Lucy Tanja Fricke, die ihren 2018 erschienenen gleichnamigen Roman als Autofiktion bezeichnet, hat das Drehbuch zusammen mit Regisseurin Nana Neul geschrieben. Da die beiden im ähnlichen Alter wie ihre Heldinnen sind, kann man sich gut vorstellen, dass sie in diesem Projekt auch persönliche Gedanken und Erfahrungen verhandeln. Während das Trio vom kühlen Deutschland über die Schweiz und schließlich ins mediterrane Italien und Griechenland fährt, wird das Licht wärmer und die Stimmung gelöster, was nicht heißt, dass es nicht immer wieder auch zum Streit kommt. En passant wird das Roadmovie dabei zur Lebenstherapie, in der schwierige Verhältnisse zu abwesenden Vätern in Verbindung mit einer generellen Lebensrevision kurz vor dem 40. Geburtstag verbunden sind.

Die Fahrt beginnt mit geografisch und inhaltlich klar definiertem Ziel: eine Klinik in der Schweiz und der geplante Tod des Vaters. Doch dann funken schnell die Unwägbarkeiten des Lebens dazwischen, man trennt sich und findet sich wieder, verliert sich und trifft in neuen Konstellationen wieder zusammen. Den Lago Maggiore würde Kurt gern noch mal sehen: »Papa, ich dachte du willst sterben?«, fragt Martha erstaunt. »Na ja, vielleicht will ich mich noch ein bisschen erholen«, erwidert der und hat heimlich noch einen ganz anderen Plan. Martha muss Abschied nehmen vom Vater, und auch Betty hat im Zusammenhang mit ihrem gerade verstorbenen Erzeuger ein paar Dinge zu klären, weshalb sie auf dessen Spuren eine griechische Insel bereist.
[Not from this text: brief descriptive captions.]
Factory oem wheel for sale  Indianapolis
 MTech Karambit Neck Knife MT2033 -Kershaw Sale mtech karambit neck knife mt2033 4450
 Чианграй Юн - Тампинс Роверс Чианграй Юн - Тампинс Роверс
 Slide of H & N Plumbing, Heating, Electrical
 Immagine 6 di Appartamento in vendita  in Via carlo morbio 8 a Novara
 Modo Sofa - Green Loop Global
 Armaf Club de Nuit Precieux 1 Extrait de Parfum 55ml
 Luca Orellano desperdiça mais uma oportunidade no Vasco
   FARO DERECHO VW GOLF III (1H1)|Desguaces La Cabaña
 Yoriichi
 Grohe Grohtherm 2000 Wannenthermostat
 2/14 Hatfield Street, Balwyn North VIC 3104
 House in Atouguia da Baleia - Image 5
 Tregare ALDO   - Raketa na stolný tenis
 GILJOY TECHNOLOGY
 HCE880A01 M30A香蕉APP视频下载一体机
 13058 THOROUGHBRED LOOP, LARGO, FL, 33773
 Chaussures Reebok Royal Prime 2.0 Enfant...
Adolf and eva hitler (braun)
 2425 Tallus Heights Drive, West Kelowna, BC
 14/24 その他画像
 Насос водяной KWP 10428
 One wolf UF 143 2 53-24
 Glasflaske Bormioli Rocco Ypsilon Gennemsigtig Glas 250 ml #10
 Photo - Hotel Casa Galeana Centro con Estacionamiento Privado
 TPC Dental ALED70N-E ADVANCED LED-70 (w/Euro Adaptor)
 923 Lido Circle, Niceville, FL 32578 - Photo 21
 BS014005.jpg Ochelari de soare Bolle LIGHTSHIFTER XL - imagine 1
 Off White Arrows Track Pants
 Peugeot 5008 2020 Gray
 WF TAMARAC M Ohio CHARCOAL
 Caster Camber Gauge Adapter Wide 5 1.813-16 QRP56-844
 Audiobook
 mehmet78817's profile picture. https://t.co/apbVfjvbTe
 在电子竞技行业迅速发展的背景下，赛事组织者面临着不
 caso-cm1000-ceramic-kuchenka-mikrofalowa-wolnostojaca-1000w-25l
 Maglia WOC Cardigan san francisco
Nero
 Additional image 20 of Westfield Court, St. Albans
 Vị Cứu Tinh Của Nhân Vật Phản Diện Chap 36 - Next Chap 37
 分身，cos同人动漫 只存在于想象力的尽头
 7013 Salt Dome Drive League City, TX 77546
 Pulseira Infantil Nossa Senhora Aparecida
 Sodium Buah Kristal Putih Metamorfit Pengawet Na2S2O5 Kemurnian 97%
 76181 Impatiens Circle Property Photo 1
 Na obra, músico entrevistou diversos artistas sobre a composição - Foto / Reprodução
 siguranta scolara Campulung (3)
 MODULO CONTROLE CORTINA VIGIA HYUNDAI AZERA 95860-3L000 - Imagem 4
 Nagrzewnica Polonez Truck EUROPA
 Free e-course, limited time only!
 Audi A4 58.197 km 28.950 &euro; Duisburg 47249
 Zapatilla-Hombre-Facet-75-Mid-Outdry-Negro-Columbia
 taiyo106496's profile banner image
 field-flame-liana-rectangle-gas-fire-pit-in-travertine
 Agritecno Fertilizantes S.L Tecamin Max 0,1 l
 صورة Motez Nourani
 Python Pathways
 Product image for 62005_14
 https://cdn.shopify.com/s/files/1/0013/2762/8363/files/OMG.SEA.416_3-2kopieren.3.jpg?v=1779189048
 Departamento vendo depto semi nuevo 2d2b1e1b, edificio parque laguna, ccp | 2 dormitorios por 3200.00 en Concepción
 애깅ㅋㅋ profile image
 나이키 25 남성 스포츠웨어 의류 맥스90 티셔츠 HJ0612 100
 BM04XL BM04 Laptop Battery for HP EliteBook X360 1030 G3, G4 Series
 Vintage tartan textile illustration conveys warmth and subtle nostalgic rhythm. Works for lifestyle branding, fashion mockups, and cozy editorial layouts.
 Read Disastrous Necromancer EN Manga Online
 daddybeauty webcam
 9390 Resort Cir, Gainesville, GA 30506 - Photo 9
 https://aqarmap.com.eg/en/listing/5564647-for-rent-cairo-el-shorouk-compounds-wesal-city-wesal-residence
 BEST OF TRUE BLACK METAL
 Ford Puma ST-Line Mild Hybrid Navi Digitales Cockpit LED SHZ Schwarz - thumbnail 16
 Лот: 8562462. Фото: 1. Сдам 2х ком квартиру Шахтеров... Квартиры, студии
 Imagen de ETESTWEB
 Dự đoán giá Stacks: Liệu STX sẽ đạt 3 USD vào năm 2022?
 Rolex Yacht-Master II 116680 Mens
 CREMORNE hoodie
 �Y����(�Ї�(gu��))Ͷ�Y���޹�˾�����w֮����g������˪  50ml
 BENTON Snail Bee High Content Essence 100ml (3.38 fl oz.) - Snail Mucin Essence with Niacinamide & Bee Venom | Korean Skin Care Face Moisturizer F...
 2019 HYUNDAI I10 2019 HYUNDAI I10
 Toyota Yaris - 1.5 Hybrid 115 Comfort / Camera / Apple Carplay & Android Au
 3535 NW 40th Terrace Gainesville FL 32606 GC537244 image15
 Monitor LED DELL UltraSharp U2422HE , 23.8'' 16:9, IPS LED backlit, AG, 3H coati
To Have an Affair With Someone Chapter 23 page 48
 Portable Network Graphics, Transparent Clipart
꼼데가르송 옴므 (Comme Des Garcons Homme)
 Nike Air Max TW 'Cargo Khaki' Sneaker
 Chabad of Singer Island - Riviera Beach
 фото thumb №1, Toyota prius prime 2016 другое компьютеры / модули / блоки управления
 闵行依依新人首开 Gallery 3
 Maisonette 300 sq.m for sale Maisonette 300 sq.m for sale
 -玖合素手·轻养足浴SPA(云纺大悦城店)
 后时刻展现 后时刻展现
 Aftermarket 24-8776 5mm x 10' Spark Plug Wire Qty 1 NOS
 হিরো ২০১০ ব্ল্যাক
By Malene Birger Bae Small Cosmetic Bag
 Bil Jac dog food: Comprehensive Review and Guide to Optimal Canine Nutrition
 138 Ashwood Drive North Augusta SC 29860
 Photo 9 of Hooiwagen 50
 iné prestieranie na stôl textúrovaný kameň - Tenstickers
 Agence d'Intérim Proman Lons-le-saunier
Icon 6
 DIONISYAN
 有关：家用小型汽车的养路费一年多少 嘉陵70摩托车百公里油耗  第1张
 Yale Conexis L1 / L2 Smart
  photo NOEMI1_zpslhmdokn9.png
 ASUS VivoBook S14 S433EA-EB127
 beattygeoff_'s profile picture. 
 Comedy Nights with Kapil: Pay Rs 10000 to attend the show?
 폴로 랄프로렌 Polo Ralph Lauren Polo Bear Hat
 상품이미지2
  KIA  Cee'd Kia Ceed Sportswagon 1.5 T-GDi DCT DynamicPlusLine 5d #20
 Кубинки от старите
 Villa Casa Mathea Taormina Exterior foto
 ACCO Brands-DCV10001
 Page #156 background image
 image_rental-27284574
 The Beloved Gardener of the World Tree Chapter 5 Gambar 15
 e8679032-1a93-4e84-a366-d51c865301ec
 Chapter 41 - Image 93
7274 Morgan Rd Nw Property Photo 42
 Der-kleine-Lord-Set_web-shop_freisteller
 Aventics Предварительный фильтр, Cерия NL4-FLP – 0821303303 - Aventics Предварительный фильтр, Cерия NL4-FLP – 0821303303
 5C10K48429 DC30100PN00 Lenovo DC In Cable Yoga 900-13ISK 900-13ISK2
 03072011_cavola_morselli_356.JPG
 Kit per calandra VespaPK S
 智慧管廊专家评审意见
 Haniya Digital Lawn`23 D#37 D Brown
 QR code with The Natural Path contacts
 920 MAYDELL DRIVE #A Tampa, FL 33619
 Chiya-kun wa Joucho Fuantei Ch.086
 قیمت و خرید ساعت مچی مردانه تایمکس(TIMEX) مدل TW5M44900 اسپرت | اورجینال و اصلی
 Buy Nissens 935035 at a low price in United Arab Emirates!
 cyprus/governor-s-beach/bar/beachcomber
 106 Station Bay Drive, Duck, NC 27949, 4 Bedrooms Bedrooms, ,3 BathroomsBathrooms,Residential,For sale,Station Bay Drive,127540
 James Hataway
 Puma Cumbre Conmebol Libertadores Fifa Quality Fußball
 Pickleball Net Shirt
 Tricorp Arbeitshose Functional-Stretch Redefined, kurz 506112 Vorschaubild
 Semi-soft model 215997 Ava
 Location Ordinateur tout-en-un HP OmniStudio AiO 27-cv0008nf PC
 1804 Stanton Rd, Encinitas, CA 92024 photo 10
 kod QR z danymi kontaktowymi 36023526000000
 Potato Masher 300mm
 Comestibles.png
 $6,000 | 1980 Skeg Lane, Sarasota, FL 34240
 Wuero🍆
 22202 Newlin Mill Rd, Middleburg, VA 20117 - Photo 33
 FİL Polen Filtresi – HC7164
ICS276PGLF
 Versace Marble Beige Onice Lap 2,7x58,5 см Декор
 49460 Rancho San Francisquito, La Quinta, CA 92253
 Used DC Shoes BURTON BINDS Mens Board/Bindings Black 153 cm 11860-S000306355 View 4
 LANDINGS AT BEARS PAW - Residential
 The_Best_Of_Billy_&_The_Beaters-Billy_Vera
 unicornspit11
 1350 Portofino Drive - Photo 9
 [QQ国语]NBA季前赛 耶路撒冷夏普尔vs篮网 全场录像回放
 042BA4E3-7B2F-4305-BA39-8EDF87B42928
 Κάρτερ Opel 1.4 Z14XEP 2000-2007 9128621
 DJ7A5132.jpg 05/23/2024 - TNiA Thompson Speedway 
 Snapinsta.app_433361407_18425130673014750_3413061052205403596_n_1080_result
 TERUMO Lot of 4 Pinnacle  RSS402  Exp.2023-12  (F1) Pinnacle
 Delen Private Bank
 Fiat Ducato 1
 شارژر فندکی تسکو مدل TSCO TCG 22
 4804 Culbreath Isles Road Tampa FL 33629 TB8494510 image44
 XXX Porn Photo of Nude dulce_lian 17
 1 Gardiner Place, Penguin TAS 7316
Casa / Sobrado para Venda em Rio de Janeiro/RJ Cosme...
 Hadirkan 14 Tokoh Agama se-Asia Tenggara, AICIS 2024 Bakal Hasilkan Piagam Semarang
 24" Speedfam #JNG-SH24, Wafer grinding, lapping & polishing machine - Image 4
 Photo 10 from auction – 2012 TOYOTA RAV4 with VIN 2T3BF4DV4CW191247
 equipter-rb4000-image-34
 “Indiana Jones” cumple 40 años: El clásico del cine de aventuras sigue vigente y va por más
Der Stoff ist ein guter Ausgangspunkt für ein Roadmovie, das sommerliche Leichtigkeit mit tiefgründigen Lebensfragen verzahnt, die Lust des Lebens mit der Tragik des Todes, die letzte Reise des Vaters mit einem Trip von zwei besten Freundinnen. Die Freiheit, sich treiben zu lassen, ohne konkrete Verpflichtungen, gibt dem Film immer wieder für Momente eine entspannte Leichtigkeit mit traurigen und komischen Akzenten.  Nur leider ruckelt es in der Umsetzung immer mal wieder, nie kommt der Film wirklich lässig in den Fluss des Sich-treiben-Lassens. Mal kommen die Wendungen zu abrupt, mal sind die Reaktionen übertrieben, die Szenen zu lang ausgespielt. Überhaupt könnte der knapp über zwei Stunden lange Film etwas Straffung vertragen, und auch die Chemie unter den Schauspieler:innen stimmt nicht immer so ganz, mit Ausnahme von Birgit Minichmayr und Josef Bierbichler, die ihr bayerisches Temperament mit bewährt ruppigem Charme ausspielen.